Förderungen und Weiterbildungen

Am 1. April 2023 startete das Bundesministerium für Wirtschaft und Klimaschutz das Aufbauprogramm Wärmepumpe. Damit werden Schulungen sowohl zur Auslegung und zum Einbau von Wärmepumpen im Gebäudebestand als auch ein Coaching vor Ort gefördert („training-on-the-job“). Jährlich sollen mindestens 17 500 Handwerkerinnen und Handwerker sowie etwa 3000 Planende und Energieberatende zu Wärmepumpen im Bestand qualifiziert werden.

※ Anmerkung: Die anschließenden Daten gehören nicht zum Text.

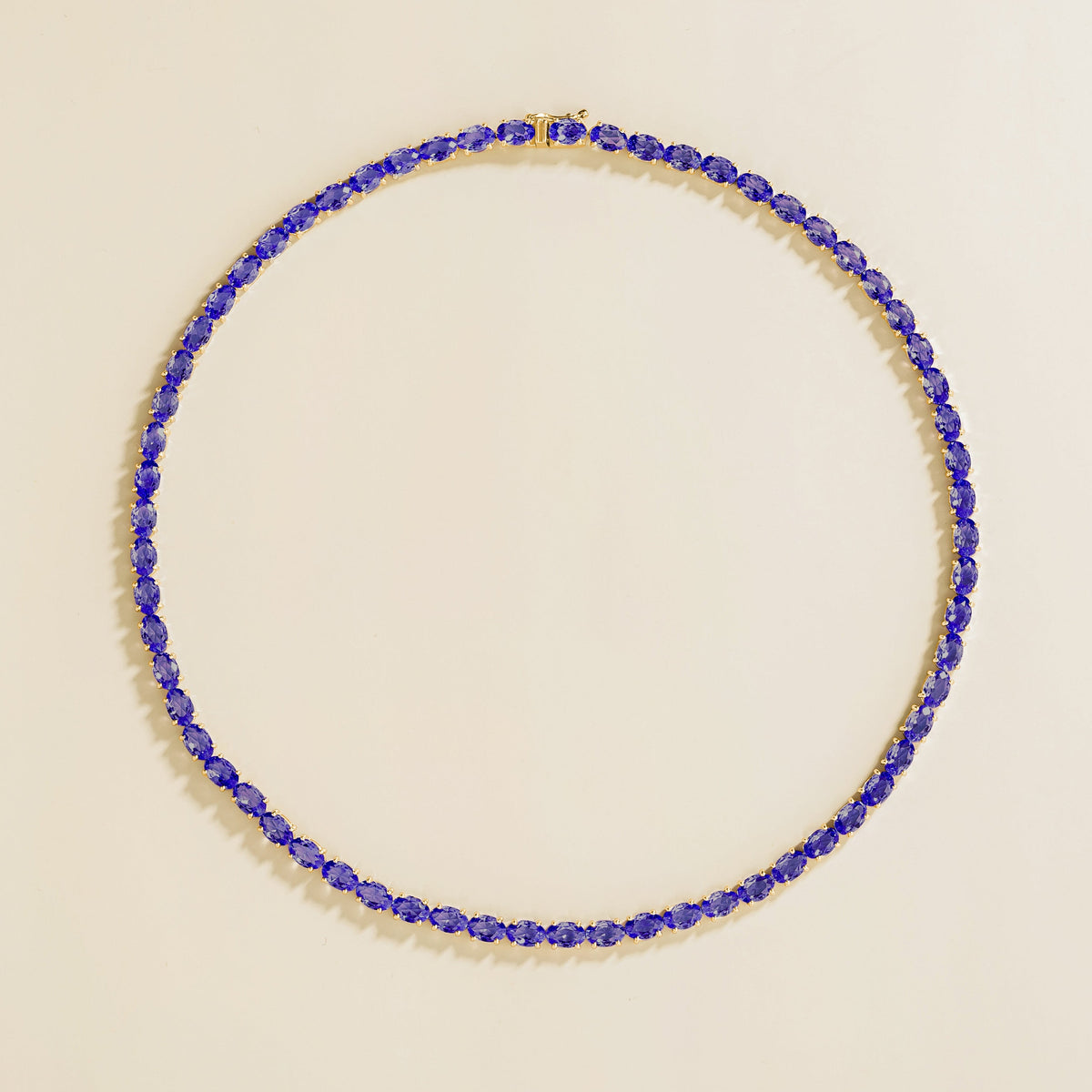 Oval lab-grown blue sapphire tennis necklace, Salto design in gold | Juvetti London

Der Trend zu brennbaren Kältemitteln erfordert eine Ausbildung sowie anknüpfende Weiterbildung und Schulungen. Denn eine Kältefachkraft muss heute auch Energieberater sein und Anwender dabei unterstützen, alle Vorschriften umzusetzen und einzuhalten – denn diese sind Anwendern meist nicht bekannt.

Fazit und Empfehlungen

Das Heizen mit Öl und Gas tritt in den Hintergrund. Wärmepumpen sind als Lösung akzeptiert und werden durch Zielvorgaben und Forderungen gefördert. Hybride Anlagen sind unter dem Aspekt „Gesamtenergieeffizienz“ von steigender Bedeutung. Die Kreislaufwirtschaft wird ein zentraler Baustein sein, um aktuelle wirtschaftliche Herausforderungen zu meistern. Der Fachkräftemangel wird die Kapazitäten der Branchen in allen Bereichen beeinflussen. Die Frage, wohin der Weg mit den Kältemitteln zukünftig geht, muss jedoch noch geklärt werden.

Es existiert ein stark steigendes und großes Potential für die Abwärmenutzung. Die Technologien Kältetechnik, Wärmepumpen, Speicher und Energienetze sind vorhanden und werden kontinuierlich weiter ausgebaut. Neue Geschäftsmodelle entstehen rund um die Abwärmenutzung, wie z. B. Wärmehandel, Wärme- und Kältenetzwerke und Energieverbünde. Ungenutzte Abwärme sollte zukünftig vermieden werden. Planer und Anlagenbauer sollten immer alle Möglichkeiten prüfen und den Betreiber intensiv beraten – dabei ist Kreativität gefordert.

Dr. Rainer Jakobs,
DMJ Consulting, Breuberg, Mitglied des Messebeirats der Chillventa.